Same shit, different language?

I like PHP. I also like Ruby on Rails. So, it naturally follows that I would also like Rails ported to PHP, right? Well, maybe — but I’m not sure I’ve seen a good example of this.1

Here’s a totally made-up example (in Ruby):

class RockStar < ActiveRecord::Base
has_many :roadies
has_many :groupies
end

Sure, it doesn’t do much, but most of the interesting model behavior comes automatically (that being the whole point of Rails). So, here’s a fairly literal translation into PHP:

class RockStar extends ActiveRecord::Base {
has_many('roadies');
has_many('groupies');
}

Literal as in, I didn’t bother making it valid PHP; I just replaced the basic syntax elements with the PHP equivalents.2 Ignoring the rather basic issue of namespaces, the interesting problem is that I called an inherited function in the middle of declaring the child class — PHP doesn’t allow this.

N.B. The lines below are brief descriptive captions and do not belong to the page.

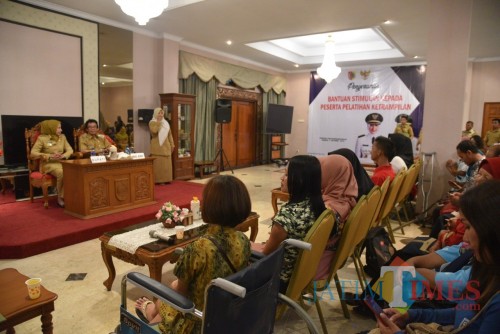 Bupati dan Wakil Bupati Jember saat mengumpulkan kelompok Minoritas dan Disabilitas untuk mendapatkan bantuan stimulan dari Pemkab Jember (foto : Mutia / Jatim TIMES)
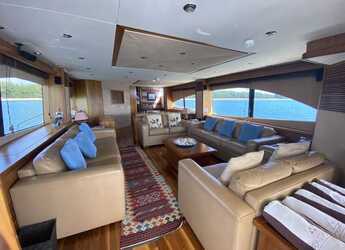 Chartern Sie yacht in Ao Po Grand Marina - Sunseeker 90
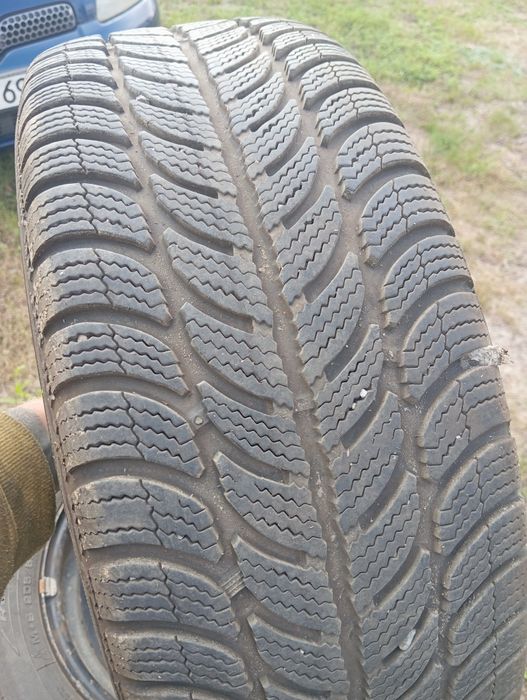 Dębica Frigo 205/55 22r. Cena za 2 szt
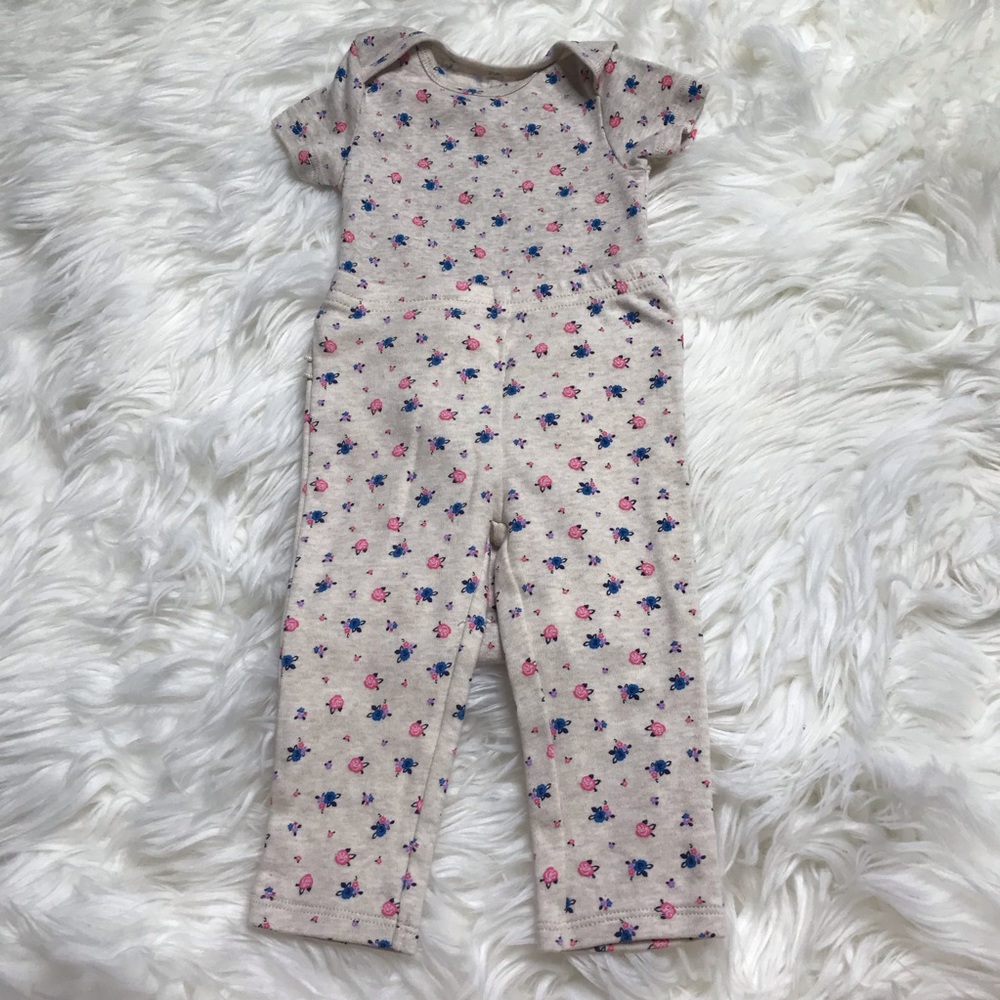 Carter’s sweet floral 2 piece outfit set (or Jammies) size 9 months
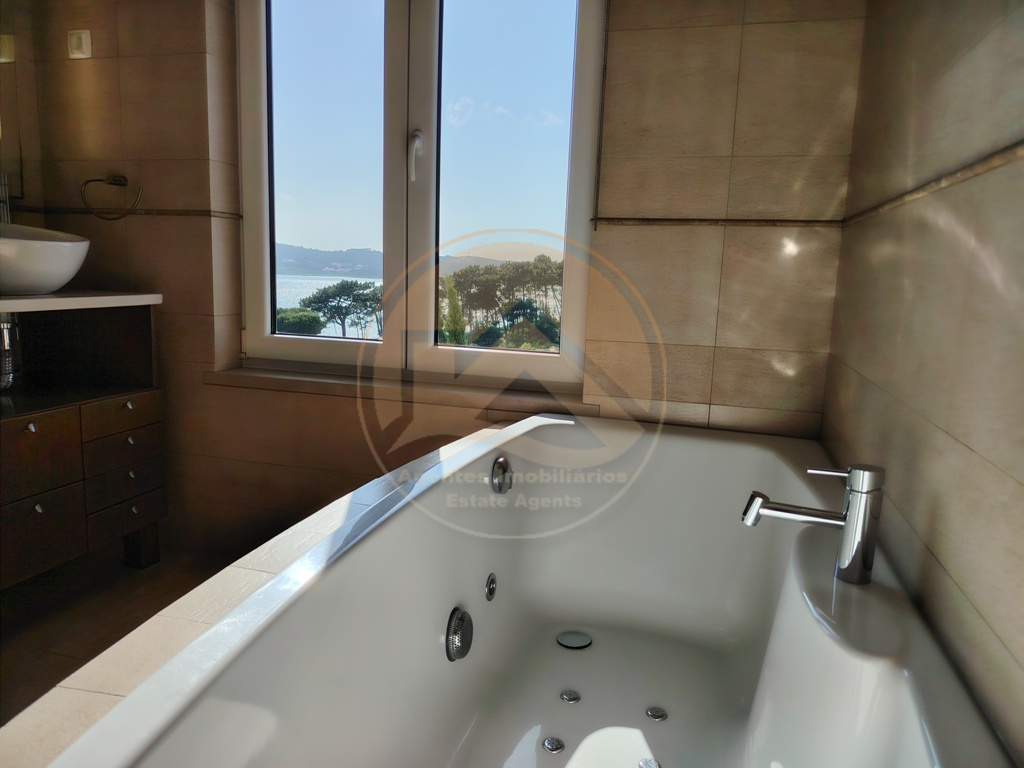 Villa contemporânea com piscina — Foto 51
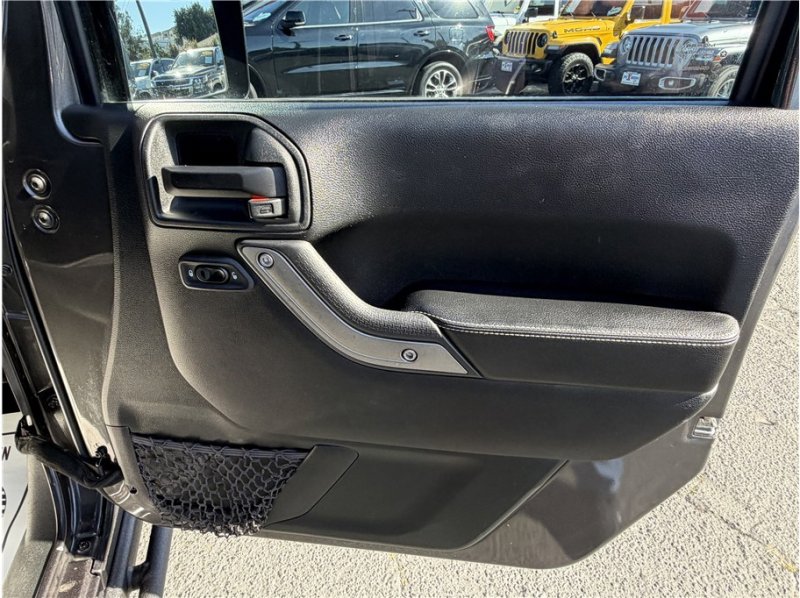 Used 2018 Jeep Wrangler Unlimited Sport image 24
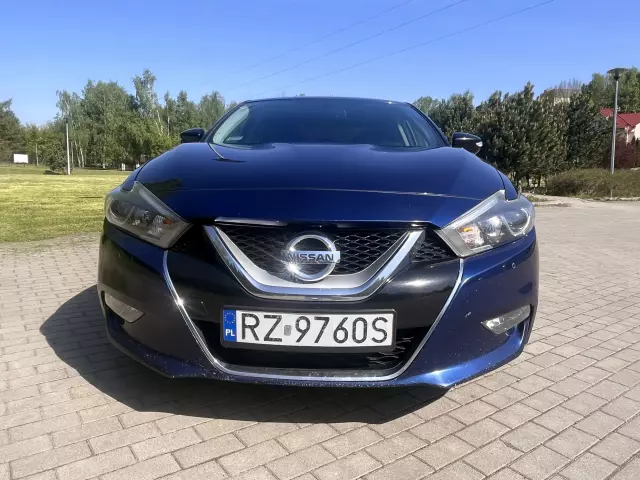 NISSAN Maxima 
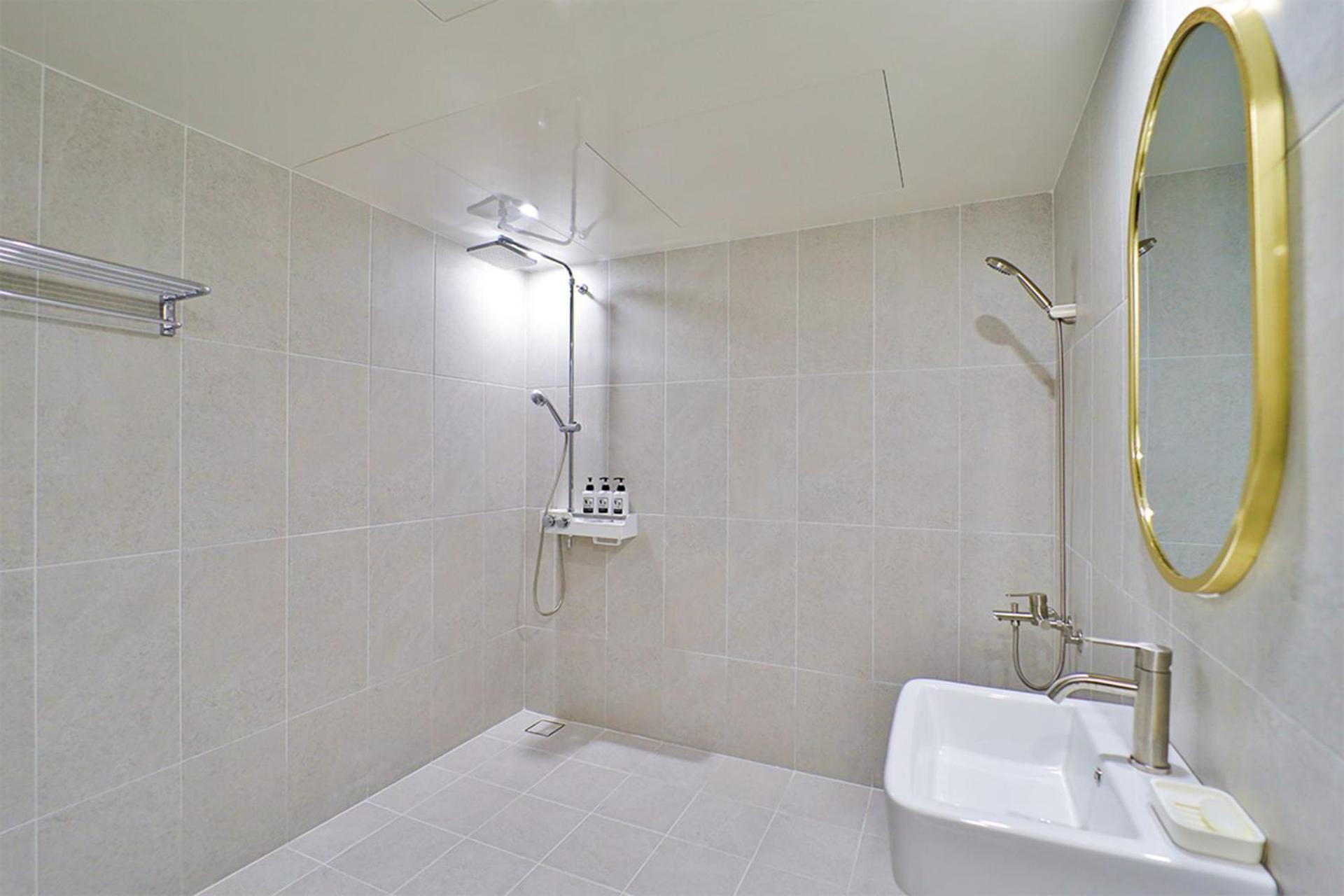 Calm Rest Hotel Busan Sasang Zewnętrze zdjęcie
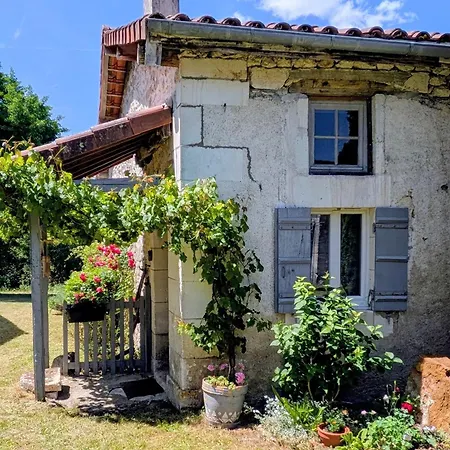 Holiday home La Maisonnette Du Soleil Couchant En Perigord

Here’s the thing; different languages are different. That doesn’t mean one has to be better than the other, it just means they’re different. The problem is most of the ports I’ve come across are losing something in translation.

The elegance of Rails3 is in the code you don’t write. There’s not a single line of CRUD up there; the base class sorts all that out for me. Sure, you could create some valid PHP out of that, but quite often that leads to Rails crammed into PHP syntax, instead of a real PHP equivalent to Rails.

Don’t get me wrong — has_many works well in Rails, but the next time I find a new `ActiveRecord` in PHP, I’d rather see some elegant PHP instead of the closest PHP someone could think of to some elegant Ruby.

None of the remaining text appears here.